→ Work required:
Please return the data that follows precisely as written, but without the images.

Short descriptive text snippets:
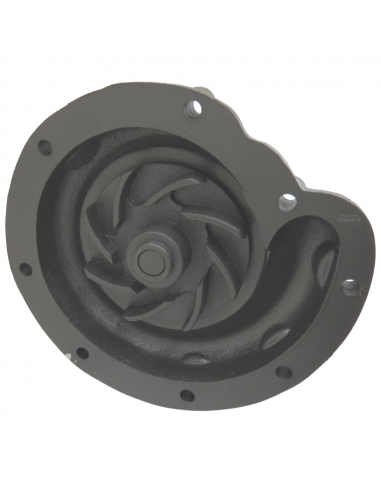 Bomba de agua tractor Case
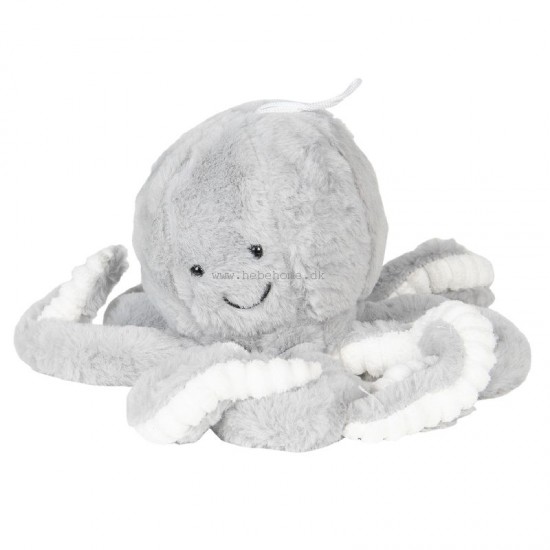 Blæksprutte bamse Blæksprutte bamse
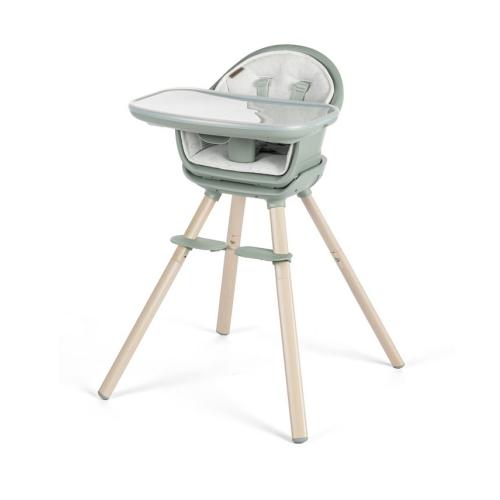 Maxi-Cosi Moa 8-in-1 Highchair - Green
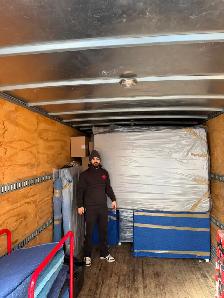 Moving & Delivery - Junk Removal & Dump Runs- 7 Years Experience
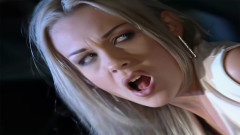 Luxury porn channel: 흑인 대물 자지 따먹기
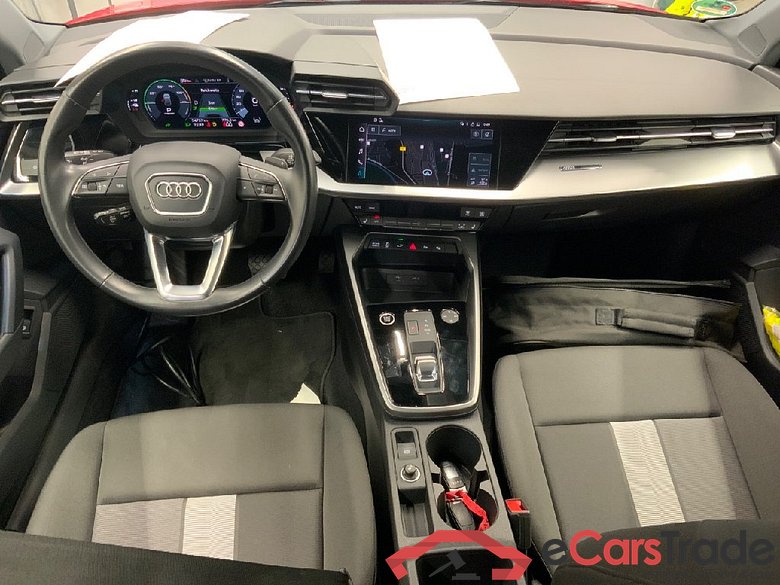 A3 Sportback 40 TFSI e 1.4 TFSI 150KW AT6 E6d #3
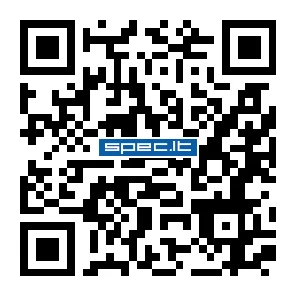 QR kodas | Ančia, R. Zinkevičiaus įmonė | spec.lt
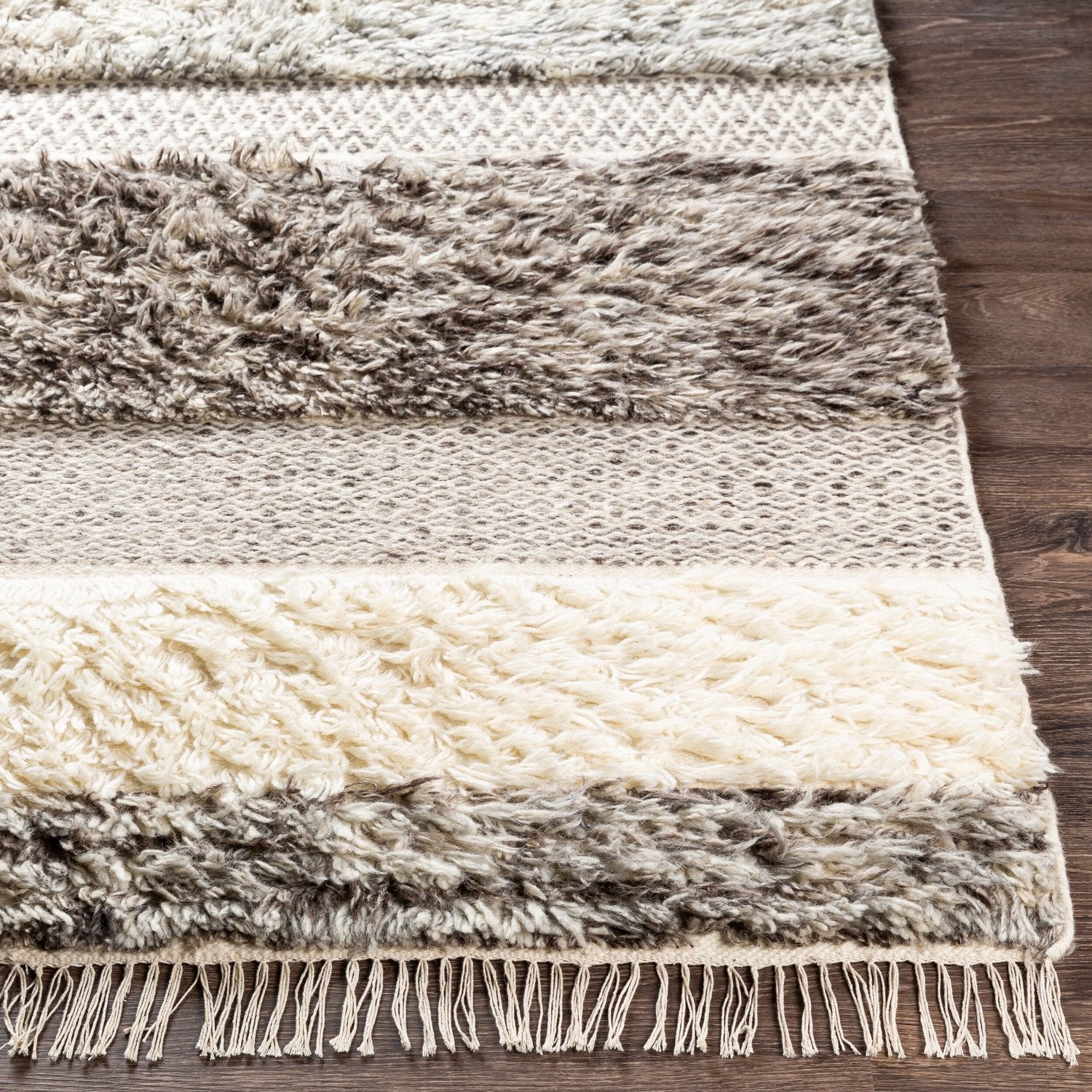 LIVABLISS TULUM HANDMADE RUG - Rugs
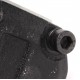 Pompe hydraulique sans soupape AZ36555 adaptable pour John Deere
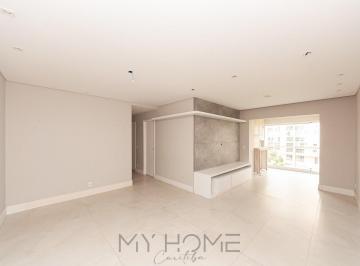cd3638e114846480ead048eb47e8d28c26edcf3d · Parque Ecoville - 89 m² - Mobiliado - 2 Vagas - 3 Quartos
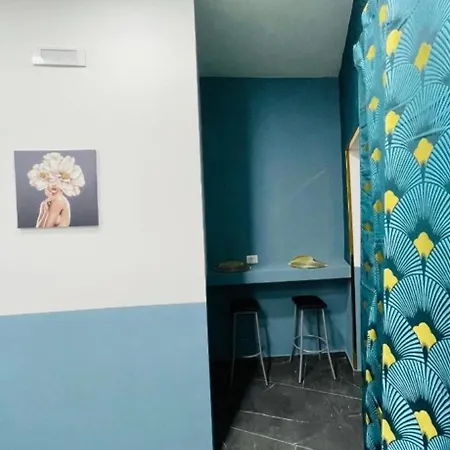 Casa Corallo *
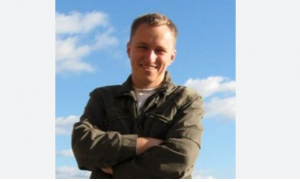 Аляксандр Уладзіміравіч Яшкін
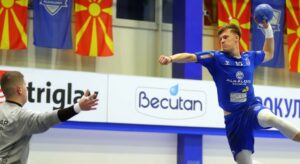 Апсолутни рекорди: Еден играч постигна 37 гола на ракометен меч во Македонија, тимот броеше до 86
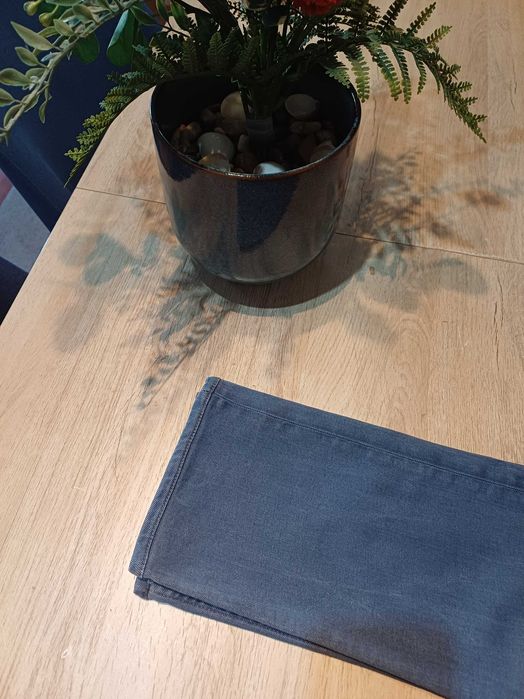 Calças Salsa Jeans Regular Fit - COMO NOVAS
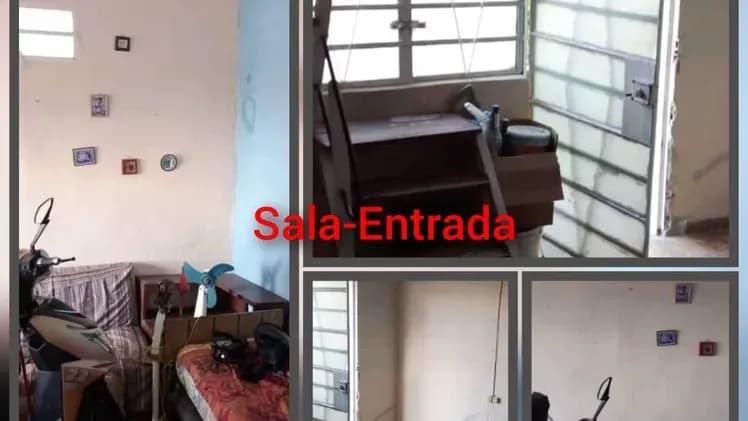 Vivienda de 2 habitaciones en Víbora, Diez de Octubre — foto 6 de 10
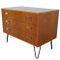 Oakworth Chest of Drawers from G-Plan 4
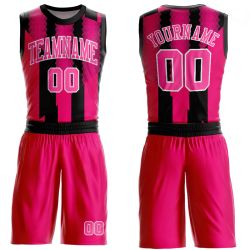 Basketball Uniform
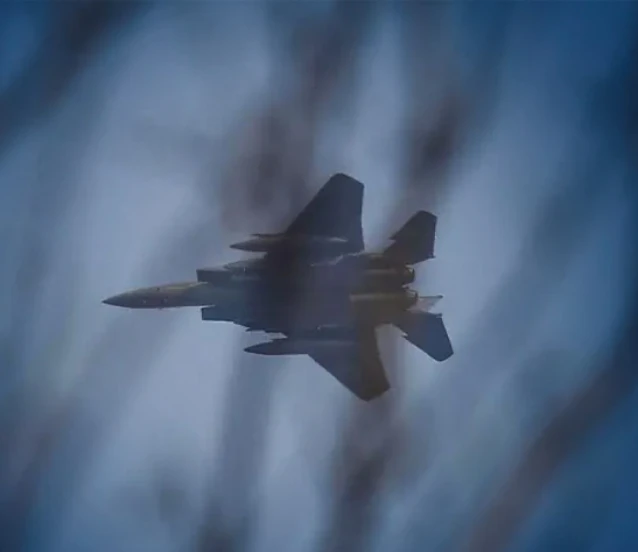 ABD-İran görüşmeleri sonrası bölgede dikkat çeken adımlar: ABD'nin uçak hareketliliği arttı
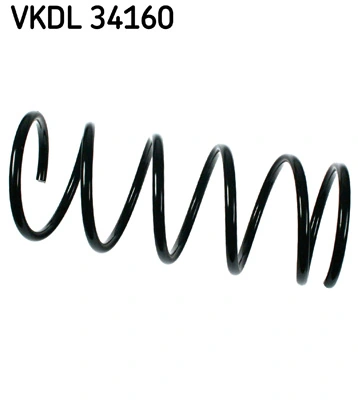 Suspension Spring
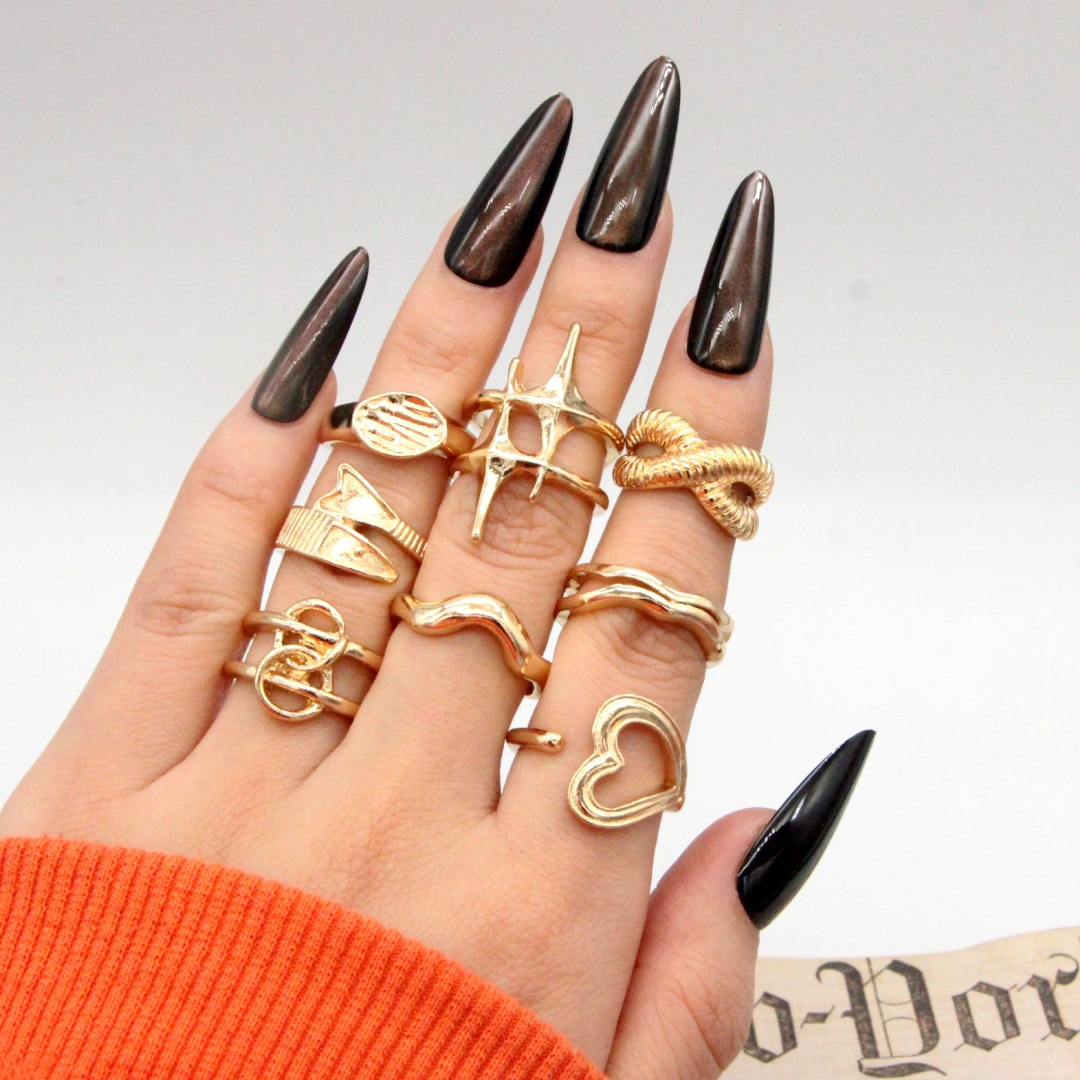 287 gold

→ Answer to this task:
 Bomba de agua tractor Case
 Blæksprutte bamse Blæksprutte bamse
 Maxi-Cosi Moa 8-in-1 Highchair - Green
 Moving & Delivery - Junk Removal & Dump Runs- 7 Years Experience
 Luxury porn channel: 흑인 대물 자지 따먹기
 A3 Sportback 40 TFSI e 1.4 TFSI 150KW AT6 E6d #3
 QR kodas | Ančia, R. Zinkevičiaus įmonė | spec.lt
 LIVABLISS TULUM HANDMADE RUG - Rugs
 Pompe hydraulique sans soupape AZ36555 adaptable pour John Deere
cd3638e114846480ead048eb47e8d28c26edcf3d · Parque Ecoville - 89 m² - Mobiliado - 2 Vagas - 3 Quartos
 Casa Corallo *
 Аляксандр Уладзіміравіч Яшкін
 Апсолутни рекорди: Еден играч постигна 37 гола на ракометен меч во Македонија, тимот броеше до 86
 Calças Salsa Jeans Regular Fit - COMO NOVAS
 Vivienda de 2 habitaciones en Víbora, Diez de Octubre — foto 6 de 10
 Oakworth Chest of Drawers from G-Plan 4
 Basketball Uniform
 ABD-İran görüşmeleri sonrası bölgede dikkat çeken adımlar: ABD'nin uçak hareketliliği arttı
 Suspension Spring
 287 gold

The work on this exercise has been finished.